When the sirens began just before 5pm, there was confusion at first.
People dashed for some nearby buildings, but nobody was quite sure where the shelters were. The beach emptied. On the road, cars just stopped – one or two at first, then all of them, and their occupants ran for cover by a low wall.
At the Banana Beach cafe, Fiammetta Martegani (31), an Italian-Israeli who has lived here for three years, huddled low and watched as a loud explosion sounded and a plume of black smoke rose overhead.
The Israel Defence Forces (IDF) later said the rocket had been intercepted by a defence missile fired from a battery installed near Tel Aviv just hours before.
“I’m getting used to it now, but the first time I was very scared, because that has never been part of my life,” said Martegani. “But for Israelis, they grow up with this kind of thing.”
Sitting with a friend on the seafront shortly before the alert, Eli Ezra, a former paratrooper, said he was relaxed about the threat. “I just hope the IDF do what they have to do now in Gaza,” he said, and that meant doing whatever it took to win “two or three years of quiet”.

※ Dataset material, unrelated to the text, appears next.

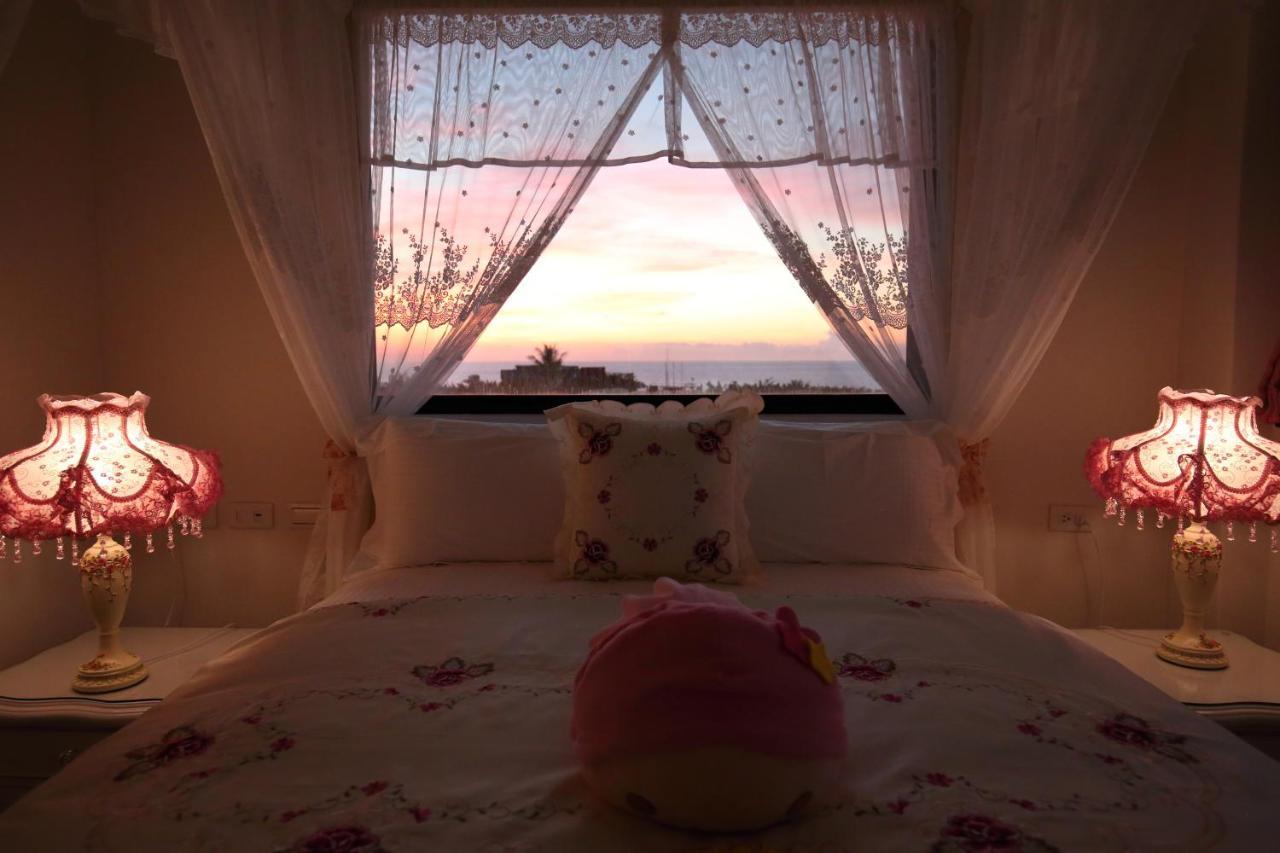Min Le Yuan B&B Hualien City Ngoại thất bức ảnh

“Imagine if they shot rockets at your neighbourhood in Ireland every day for four or five weeks. Tell me, do you think you would just sit around and say, ‘that’s life’? We have to react. I think it’s very good, what’s happening now in Gaza.”
Notwithstanding the phlegmatic response from many residents in Tel Aviv, the news that the metropolis is now within firing range of certain rockets fired from Gaza – reported by Israeli authorities to be Iranian-made Fajr-5, which can travel up to 75km – has required a psychological adjustment. Not since 1991, when Saddam Hussein fired scud missiles at the city, have the air raid sirens sounded so regularly.
Simone Hayot from Paris, who was visiting her mother in Tel Aviv, said she was lying on the beach when she heard a thunderous explosion on Friday. It was shocking, “like it had landed just next to me”, and left her furious.
“They have three-quarters of the planet, the Muslim people. The Jewish people are entitled to their little space.”
“Make peace,” she said, as if addressing Palestinians. “Organise yourselves. They talk about misery, but they’re wasting all their money on bombs and attacks instead of building schools.”
Israel’s military operation in Gaza has rallied political rivals to prime minister Binyamin Netanyahu’s side, in effect temporarily suspending the campaign for January elections. Many in Tel Aviv say it has had a similar effect on public opinion.
But sceptical voices can also be heard. On the beachfront immediately after Saturday’s explosion, Udi Razzin (41) said many people in the city had misgivings.
“Somebody wrote on Facebook yesterday, ‘Why are they bombing Tel Aviv? I’m left-wing and I’m gay.’ And another guy wrote: ‘And I’m Arab.’
“I don’t think it will change what people think as regards a big solution to the situation. I believe we have every right to defend ourselves, I think we should do that, but I don’t think this is the answer.”
Razzin was a soldier in the Israeli army 20 years ago, and says he feels sympathy with the people of Gaza. “I’ve been to Gaza. I served there. I know exactly what’s going on here. They’re poor, miserable people. Their leadership is f***ing them and we’re f***ing them.
“From our point of view, it’s unbearable to live like this. This isn’t how I want to spend my Saturday. But they have it a lot worse.”
Within 20 minutes of Saturday’s explosion, light was fading and calm had fallen over the beachfront again.
“This is what we have to show them – that our life goes on,” said former paratrooper Eli Ezra. “Tomorrow we’ll go out to work. And if there are more missiles, so be it.”